Strings and localization in ALFE

PHP is a pretty bad and ugly language in many ways, but it does have some advantages - because it's so ubiquitous for web development, a lot of effort has been put into getting it to run fast and including many useful libraries. Another advantage is its string manipulation, which is what I want to talk about today.

PHP has a nice feature whereby if you have a variable called $foo (all scalars in php start with the "$" sigil) and you want to output a string containing that value, you can just write:

echo "The current foo value is $foo units.";

In other words, you don't have to close the string to insert a variable into it. If this feature didn't exist you'd have to write:

echo "The current foo value is " . $foo . " units.";

as in C++:

cout << "The current foo value is " << foo << " units.";

which doesn't seem like much more typing, but when you're writing web pages (which are full of these inserts) it really adds up and makes the result much more pleasant to use. I was skeptical at first but after having written some PHP code I want to steal this feature for my own language. Being a statically typed language, UnityALFE also inserts .toString() calls when the inserted variable is not of String type.

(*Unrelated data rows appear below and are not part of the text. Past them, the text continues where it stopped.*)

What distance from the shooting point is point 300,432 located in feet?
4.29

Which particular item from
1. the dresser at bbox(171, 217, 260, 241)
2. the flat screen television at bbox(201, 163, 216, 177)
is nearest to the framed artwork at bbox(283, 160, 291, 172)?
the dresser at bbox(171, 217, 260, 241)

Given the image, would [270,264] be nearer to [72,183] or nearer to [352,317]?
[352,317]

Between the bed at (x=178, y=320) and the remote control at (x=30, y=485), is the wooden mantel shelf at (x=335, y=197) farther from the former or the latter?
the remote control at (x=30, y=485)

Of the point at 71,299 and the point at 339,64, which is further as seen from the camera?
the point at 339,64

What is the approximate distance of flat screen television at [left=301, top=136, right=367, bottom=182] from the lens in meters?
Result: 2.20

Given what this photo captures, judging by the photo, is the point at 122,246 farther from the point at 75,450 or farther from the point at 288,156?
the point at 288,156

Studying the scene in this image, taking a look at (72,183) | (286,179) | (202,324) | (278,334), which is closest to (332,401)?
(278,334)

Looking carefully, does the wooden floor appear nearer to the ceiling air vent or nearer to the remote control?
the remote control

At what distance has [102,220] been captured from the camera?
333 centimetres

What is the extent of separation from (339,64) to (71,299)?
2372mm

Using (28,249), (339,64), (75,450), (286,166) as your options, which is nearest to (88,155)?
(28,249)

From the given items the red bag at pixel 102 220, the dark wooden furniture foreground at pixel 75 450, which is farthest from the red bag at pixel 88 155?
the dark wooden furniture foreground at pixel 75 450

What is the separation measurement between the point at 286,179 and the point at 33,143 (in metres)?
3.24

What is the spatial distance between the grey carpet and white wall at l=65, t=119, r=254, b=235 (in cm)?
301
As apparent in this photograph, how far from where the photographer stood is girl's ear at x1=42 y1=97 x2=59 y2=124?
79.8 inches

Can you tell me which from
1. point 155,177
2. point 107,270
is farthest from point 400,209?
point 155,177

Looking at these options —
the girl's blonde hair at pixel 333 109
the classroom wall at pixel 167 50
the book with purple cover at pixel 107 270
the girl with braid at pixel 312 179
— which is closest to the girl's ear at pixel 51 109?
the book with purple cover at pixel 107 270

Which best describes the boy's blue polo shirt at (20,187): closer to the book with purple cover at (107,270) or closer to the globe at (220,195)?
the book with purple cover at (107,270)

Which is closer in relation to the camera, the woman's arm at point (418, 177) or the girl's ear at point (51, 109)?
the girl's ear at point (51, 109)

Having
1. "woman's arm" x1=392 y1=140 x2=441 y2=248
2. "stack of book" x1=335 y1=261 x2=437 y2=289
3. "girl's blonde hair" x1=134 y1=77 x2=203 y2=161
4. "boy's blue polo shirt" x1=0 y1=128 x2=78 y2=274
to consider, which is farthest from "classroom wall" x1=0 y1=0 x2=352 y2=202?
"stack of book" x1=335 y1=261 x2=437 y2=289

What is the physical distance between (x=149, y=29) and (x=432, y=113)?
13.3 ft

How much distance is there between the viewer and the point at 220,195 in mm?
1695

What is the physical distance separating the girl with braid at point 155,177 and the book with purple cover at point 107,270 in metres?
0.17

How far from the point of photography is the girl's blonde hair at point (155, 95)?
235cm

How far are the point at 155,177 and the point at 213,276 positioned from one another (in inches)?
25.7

Inserting more complex expressions is also possible. Though I think PHP's syntax for this is a bit confusing:

"<div class='logged_in_as'>Logged in as: {$user->link()}</div>"

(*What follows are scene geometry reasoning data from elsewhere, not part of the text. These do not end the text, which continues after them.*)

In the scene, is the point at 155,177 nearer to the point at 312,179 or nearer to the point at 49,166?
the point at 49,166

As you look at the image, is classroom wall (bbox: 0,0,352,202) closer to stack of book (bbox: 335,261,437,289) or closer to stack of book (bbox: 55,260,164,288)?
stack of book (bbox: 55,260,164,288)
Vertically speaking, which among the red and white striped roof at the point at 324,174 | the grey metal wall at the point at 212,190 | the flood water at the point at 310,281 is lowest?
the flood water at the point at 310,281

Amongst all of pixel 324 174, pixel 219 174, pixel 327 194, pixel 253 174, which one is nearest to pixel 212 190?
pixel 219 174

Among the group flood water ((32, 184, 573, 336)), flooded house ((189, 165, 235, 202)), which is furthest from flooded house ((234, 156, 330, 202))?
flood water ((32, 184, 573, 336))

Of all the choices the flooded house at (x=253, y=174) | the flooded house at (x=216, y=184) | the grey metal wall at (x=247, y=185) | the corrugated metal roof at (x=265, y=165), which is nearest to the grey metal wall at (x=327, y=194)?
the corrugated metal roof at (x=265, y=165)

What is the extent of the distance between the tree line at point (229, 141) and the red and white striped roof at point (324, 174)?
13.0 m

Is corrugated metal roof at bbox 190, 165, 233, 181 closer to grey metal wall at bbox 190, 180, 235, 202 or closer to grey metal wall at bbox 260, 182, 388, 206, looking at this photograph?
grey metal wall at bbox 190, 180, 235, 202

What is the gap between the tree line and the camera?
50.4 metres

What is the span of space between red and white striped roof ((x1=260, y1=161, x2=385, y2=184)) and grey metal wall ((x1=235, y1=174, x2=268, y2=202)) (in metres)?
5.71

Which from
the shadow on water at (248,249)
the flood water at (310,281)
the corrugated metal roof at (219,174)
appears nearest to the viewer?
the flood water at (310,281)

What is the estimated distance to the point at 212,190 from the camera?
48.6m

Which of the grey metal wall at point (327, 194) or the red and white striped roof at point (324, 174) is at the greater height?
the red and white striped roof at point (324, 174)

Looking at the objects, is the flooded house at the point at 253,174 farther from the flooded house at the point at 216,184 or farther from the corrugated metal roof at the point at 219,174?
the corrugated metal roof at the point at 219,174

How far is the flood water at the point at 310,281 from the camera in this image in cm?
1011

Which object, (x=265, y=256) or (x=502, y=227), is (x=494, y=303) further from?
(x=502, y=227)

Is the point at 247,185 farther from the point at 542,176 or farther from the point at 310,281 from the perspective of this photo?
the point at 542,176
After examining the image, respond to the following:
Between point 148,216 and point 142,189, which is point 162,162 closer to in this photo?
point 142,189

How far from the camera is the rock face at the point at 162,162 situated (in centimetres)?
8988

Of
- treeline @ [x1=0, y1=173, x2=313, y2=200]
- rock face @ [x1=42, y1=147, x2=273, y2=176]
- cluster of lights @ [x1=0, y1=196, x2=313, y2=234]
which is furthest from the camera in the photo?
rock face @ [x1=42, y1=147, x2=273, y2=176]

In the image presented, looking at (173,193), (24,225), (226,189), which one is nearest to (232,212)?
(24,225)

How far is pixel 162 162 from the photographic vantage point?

Much better to have a single insertion character and allow what follows to be either a variable name or a parenthesized expression:

"<div class='logged_in_as'>Logged in as: $(user.link())</div>"

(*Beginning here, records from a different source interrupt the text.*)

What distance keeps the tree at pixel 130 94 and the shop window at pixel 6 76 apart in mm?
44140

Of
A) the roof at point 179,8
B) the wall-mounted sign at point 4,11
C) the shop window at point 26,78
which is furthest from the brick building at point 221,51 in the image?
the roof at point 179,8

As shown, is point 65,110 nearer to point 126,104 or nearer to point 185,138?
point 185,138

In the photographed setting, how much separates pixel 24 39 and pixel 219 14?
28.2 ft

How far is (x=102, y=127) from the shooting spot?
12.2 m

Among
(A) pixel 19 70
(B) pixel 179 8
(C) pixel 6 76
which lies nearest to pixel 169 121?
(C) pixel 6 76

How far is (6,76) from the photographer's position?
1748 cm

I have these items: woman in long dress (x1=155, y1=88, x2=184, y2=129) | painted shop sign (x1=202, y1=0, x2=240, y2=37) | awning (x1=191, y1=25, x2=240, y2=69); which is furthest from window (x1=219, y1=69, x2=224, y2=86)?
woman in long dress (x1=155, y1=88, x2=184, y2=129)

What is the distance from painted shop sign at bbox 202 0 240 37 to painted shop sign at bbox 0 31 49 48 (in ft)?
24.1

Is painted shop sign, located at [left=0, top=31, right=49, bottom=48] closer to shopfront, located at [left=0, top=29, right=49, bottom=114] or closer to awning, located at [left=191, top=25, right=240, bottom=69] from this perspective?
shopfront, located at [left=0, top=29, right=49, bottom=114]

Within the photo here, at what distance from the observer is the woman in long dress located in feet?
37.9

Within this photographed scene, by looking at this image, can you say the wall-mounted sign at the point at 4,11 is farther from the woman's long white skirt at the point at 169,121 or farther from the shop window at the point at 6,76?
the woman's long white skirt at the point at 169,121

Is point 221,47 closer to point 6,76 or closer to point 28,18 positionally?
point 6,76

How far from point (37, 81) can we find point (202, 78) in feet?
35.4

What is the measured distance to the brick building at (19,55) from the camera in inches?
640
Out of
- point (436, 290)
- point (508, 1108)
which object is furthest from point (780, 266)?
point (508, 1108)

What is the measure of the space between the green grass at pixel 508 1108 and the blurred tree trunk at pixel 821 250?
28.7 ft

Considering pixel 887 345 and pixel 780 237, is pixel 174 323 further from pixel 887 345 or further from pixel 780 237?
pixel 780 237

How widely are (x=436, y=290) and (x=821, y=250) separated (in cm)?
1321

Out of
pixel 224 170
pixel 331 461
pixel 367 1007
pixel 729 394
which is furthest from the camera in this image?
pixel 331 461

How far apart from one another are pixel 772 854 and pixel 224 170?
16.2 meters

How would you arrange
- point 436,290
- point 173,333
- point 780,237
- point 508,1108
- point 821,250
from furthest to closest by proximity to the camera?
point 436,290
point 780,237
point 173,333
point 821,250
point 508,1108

The trouble with including literal strings like this in your program, though, is that sooner or later you're going to want to translate it into other (human) languages. Current GNU C/C++ best practices for internationalizable software suggest enclosing UI strings in a gettext macro (_("foo")) which adds that string to a table and replaces the string itself with an index into that table - then localization is just a matter of replacing the table. At Microsoft we avoided putting UI strings in source code altogether, instead putting them in an .rc file and making up a macro name to refer to the string's index. That was painful, because to add a string we had to change three files - the source file (relating code to macro name), the header file (relating macro name to index) and the resource file (relating macro name to English text). I suppose there might have been economic forces resisting change to this system - Microsoft software is translated into so many languages that adding a UI string is quite expensive - you have to pay to have it translated a lot of times. Similarly with changing a UI string.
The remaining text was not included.